After a three-day trial, a San Diego jury has returned a verdict that Seirus Innovative Accessories, a Poway, California-based company represented by Fish & Richardson, did not infringe Columbia Sportswear's design patent with its HeatWave line of snow sports products, concluding an eight-year litigation campaign launched by Columbia over competing cold-weather gear and heat-reflective fabric.

"We are pleased that Seirus prevailed against Columbia's claims of patent infringement," said Chris Marchese, trial counsel for Seirus and a principal in Fish's Southern California office. "Seirus is a small, family-run business, and this has been a difficult process for them."

Columbia first sued Seirus in 2013 in federal court in Washington, alleging infringement of its design patent by the HeatWave fabric included within Seirus' HeatWave products. Seirus' HeatWave fabric uses a silver heat-reflective material that partially covers a dark base layer of fabric with an original Seirus design that repeatedly includes Seirus' stylized logo within a matched box. Columbia refiled the case in 2015 in federal court in Oregon and added two utility patents directed to partial coverage of heat-reflective materials on fabrics. Prior to trial, the Oregon court entered judgment that the design patent was not invalid and granted summary judgment of infringement of the design patent. The remaining questions for trial were liability and damages based on the utility patents and damages for the design patent.

After Fish was hired, and just weeks before trial, Seirus won a motion to transfer the case from Oregon to the Southern District of California, where Seirus is located. On the eve of trial, Columbia withdrew one of the utility patents.

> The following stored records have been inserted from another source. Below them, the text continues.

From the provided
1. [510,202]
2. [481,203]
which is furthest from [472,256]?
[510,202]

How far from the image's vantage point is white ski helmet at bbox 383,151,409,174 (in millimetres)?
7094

And after a two-week trial handled by Fish in 2017 in San Diego, a jury returned a verdict that the asserted claims of the utility patent were invalid as anticipated and obvious, awarded just over $3 million for adjudged infringement of the design patent, and found against Columbia on its claim of willful infringement.

Both parties appealed. In 2019, Fish argued the appeal at the Federal Circuit and secured a complete victory for Seirus, with the court maintaining that the utility patent claims were invalid, reversing the district court's summary judgment finding of infringement on the design patent, and remanding for a jury trial to determine one issue: whether the HeatWave fabric infringed the design patent. The jury this month found that it did not.

"To say we are elated is an understatement," said Mike Carey, founder and CEO of Seirus. "Every single Seirus employee is thankful for the team at Fish & Richardson who worked tirelessly to vindicate us from these claims so we can continue to focus on our innovative HeatWave products."

The Fish trial team also included Seth Sproul, Tucker Terhufen, and John Thornburgh. Since Fish became involved in August 2017, Seirus has prevailed on all patent issues Columbia asserted against Seirus.

The case is Columbia Sportswear North America, Inc. v. Seirus Innovative Accessories in the U.S. District Court for the Southern District of California.